Recall, that for a standard neural network we have some input x which is fed to a hidden layer with activations a^{[l]} which are in turn fed to the next layer to produce activations a^{[l+1]}. In this was, we can stack as many layers as we like. The same is true of RNNs. Lets use the notation a^{[l]<t>} to denote the activations of layer l for timestep t.

A stacked RNN would thus look something like the following:

deep_rnn_clean.png

The computation of, for example, a^{[2]<3>} would be:

a^{[2]<3>} = g(W_a^{[2]}[a^{[2]<2>}, a^{[1]<3>}] + b_a^{[2]})

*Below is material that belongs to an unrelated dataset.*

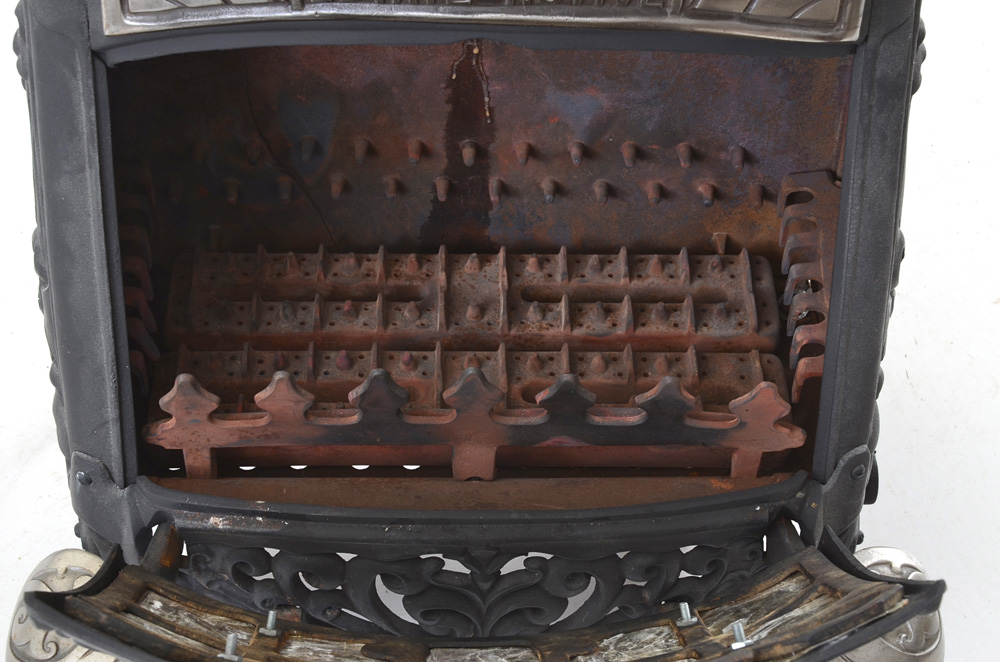 Estate Stove Company No.18 Cast Iron Parlor Stove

Notice that the second layer has parameters W_a^{[2]} and b_a^{[2]} which are shared across all timesteps, but not across the layers (which have their own corresponding set of parameters).

Unlike standard neural networks, we rarely stack RNNs very deep. Part of the reason is that RNNs are already quite large due to their temporal dimension.

Note

A common depth would be 2 stacked RNNs.

Something that has become more common is to apply deep neural networks to the output of each timestep. In this approach, the same deep neural network is typically applied to each output of the final RNN layer.